Erdoğan, ekonomide bir sabit kur garantisi, bir de dalgalı kur var olduğunu ifade etti. Erdoğan, şöyle konuştu:
''Biz bu işi dalgalı kurda götürüyoruz. Diyorlar ki 'hayır bunu sabit kur yapalım'. Kardeşim sabit kur yaparsak buradan bir yer mağdur olur. Ben kalkıp da bir şeyi garanti ederken bir yerde bunu finanse etmem lazım. O zaman bunu finanse etmek, garip gureba, fakir fukaranın hakkından bunu finanse etmek demektir. Biz bu işin içine girmeyiz.
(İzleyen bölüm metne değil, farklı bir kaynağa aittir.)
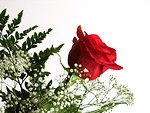 Free Stock Photo: Closeup of a red rose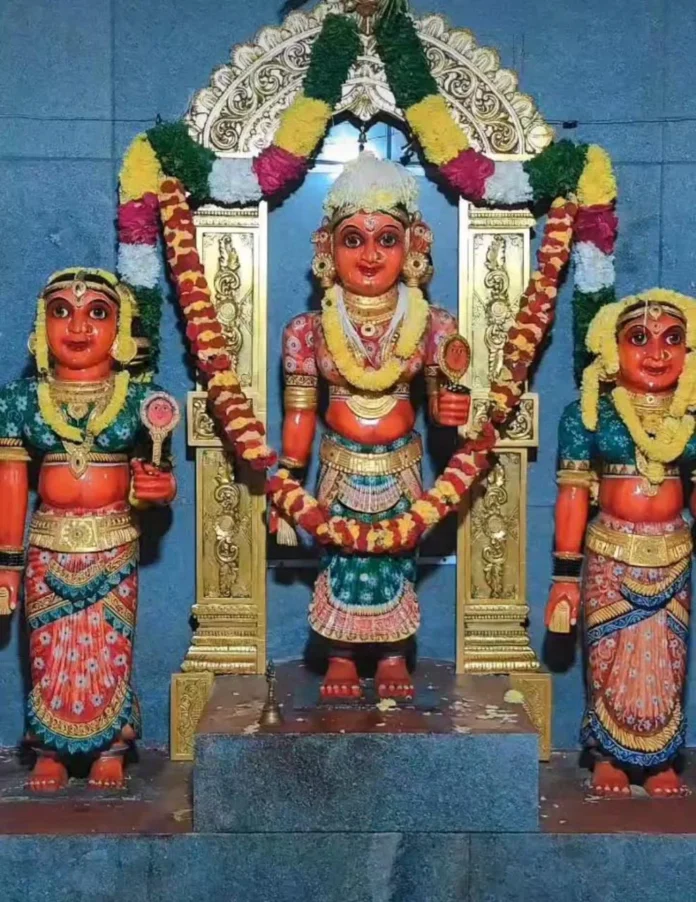 WhatsApp Image 2026-01-13 at 3.48.34 PM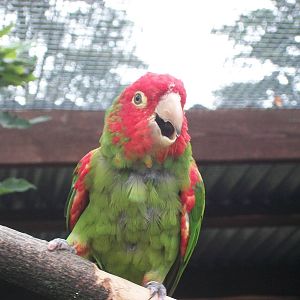 Red-masked Conure, 21st September 2014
Bırakalım dere yatağında aksın. O yerini bulur. Ayamama Deresi'nin macerasını biliyorsunuz. Yatağı değiştirdi birileri zamanında, sonra dere intikamını aldı. Bir taştı, belediye başkanlığım dönemiydi. Oradaki bazı yerleri yıktı götürdü. Niye? 'Sen benim arazime giremezsin' diyor dere. Vakti saati geldiğinde onun hesabını sorar ve sordu hatırlayın. ATV, Sabah, o binaların dere tarafından nasıl tokatlandığını unutmayın. Bunlar oldu. Bu hep böyledir. Onun için doğa ile oynamayacaksınız. Öyle dere yatağıyla oynamayacaksınız.''
Konuşmasında ihracat rakamlarına da işaret eden Erdoğan, ''İhracatta 85 milyar doları aşacağız. İyi gidiyoruz. 4 yıl önce 36 milyar dolardı. Şimdi 85 milyar dolar. Bunu 4 yıl önce konuşsaydık, 'sen rüya mı görüyorsun?' derlerdi. Ama biz görüyorduk, inanıyorduk'' diye konuştu. Özel sektörün büyük gayret gösterdiğini ve ihracatta bu rakamların meydana geldiğini anlatan Erdoğan, ''Cumhuriyet tarihinde 36 milyara gelmiş, şimdi üstüne 49 milyar dolar koymuşuz. Hesap ortada, Halep oradaysa arşın Türkiye'de...'' dedi.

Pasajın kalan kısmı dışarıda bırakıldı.